Looking at the configuration of the collector we applied from the Gist, we can see that we’ve configured the remote tap processors for the traces pipeline, the same way we did for the logs one – with the “start” tap processor as the 1st in the pipeline and the “end” tap processor at the end:

        traces:
            exporters:
                - debug
            processors:
                - remotetap/start
                - tail_sampling
                - batch
                - remotetap/end
            receivers:
                - otlp

If you haven’t already – you can cancel your logs generation from otelgen – we’re going to generate traces now into the traces pipeline. Leveraging the help -h option for otelgen shows that traces generation supports various scenarios:

Showing the trace generation options of the otelgen utlility

Trace Generation

We will use the web_request scenario to generate (e.g. 1000) traces like so:

docker run --rm ghcr.io/krzko/otelgen:latest --otel-exporter-otlp-endpoint host.docker.internal:4317 --insecure traces m -t 1000 -s web_request

We can start by taking a look at some sample traces coming in to the traces pipeline with the start remote tap processor:

websocat ws://127.0.0.1:12001 | jq '.'

You should see something like the following – resourceSpans objects, each with an array of spans corresponding to a given trace (id). Recall that the trace processor we set up was looking for traces with a latency greater than 200ms (above).
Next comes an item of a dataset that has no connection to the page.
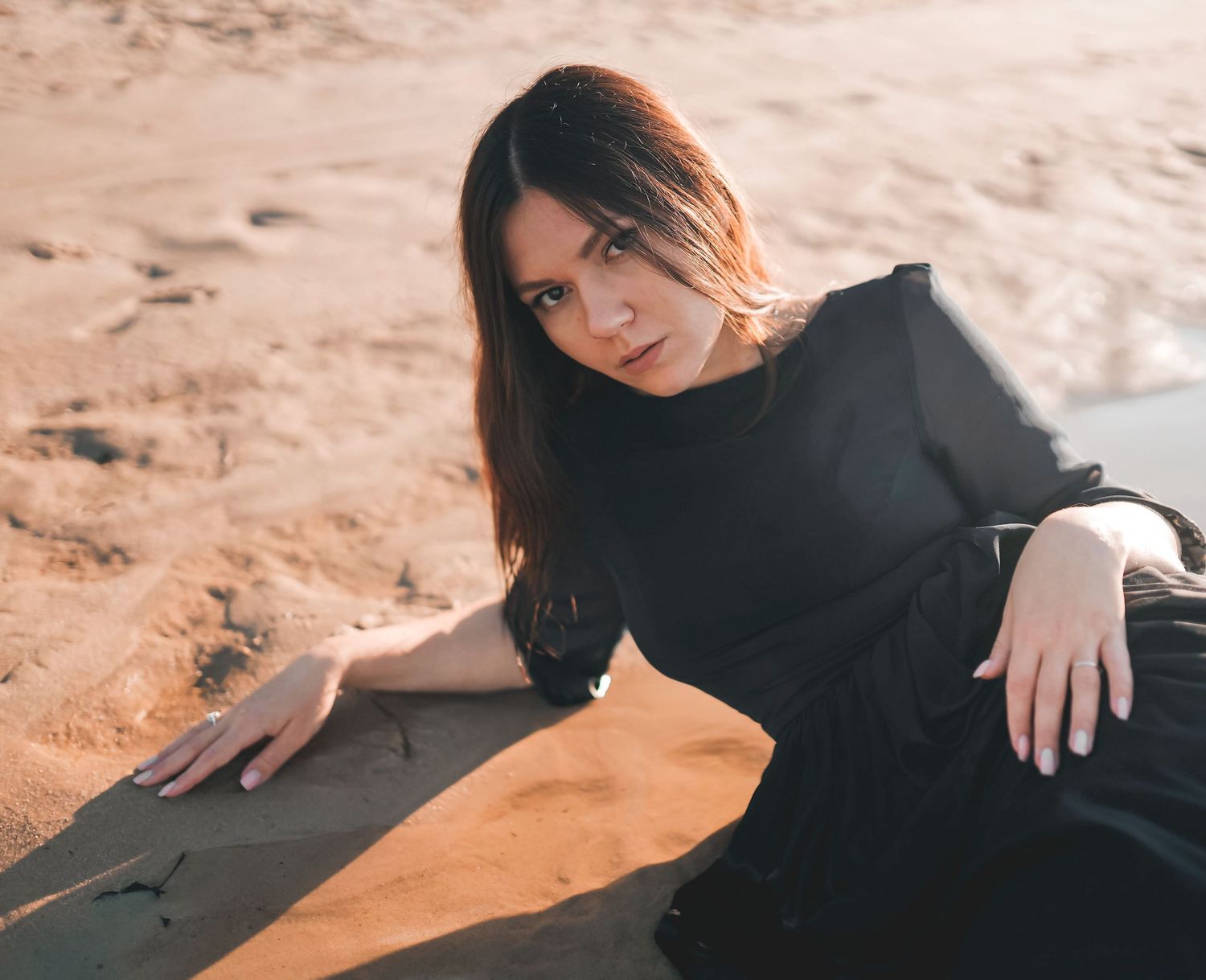 Young woman in black dress posing gracefully on sandy beach surface in warm golden sunlight.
Showing a sample span in the terminal produced by the otelgen utility

Sample Span/Trace Data

We can compute the latency on the individual spans by subtracting the start time from the end time using jq like follows:

websocat ws://127.0.0.1:12001 | jq '. |= (.duration = ((.resourceSpans[].scopeSpans[].spans[].endTimeUnixNano|tonumber) - (.resourceSpans[].scopeSpans[].spans[].startTimeUnixNano|tonumber))/1000000)' | grep duration

This computes a duration (in ms) and adds that field to the JSON, and we grep it out. Now let’s run this same command on the start and end processors as we did above, to look at the latency numbers before and after the tail sampling processor – you should see something like:

Showing span latency in the terminal before and after the tail sampling processor

Span Latency before (left) and after (right) the tail sampling processor

We can see that the latency being reported for spans after the tail sampling processor are now all > 200ms as we expect 🙌  Astute readers familiar with the tail sampling processor will note that we are really computing span latency here, not trace latency (a collection of spans relating to the same trace id) – but if a span is more than 200ms, the trace itself must at least have that much latency, so this is a pretty good indicator that things are working as we would expect.

How can ControlTheory help you validate, analyze, and optimize telemetry?

Validate telemetry at the point of collection 

We use workflows built around the OTel Collector Remote Tap Processor to show what is entering and leaving a pipeline, so teams can confirm whether receivers, attributes, filters, transforms, and sampling rules are behaving as intended.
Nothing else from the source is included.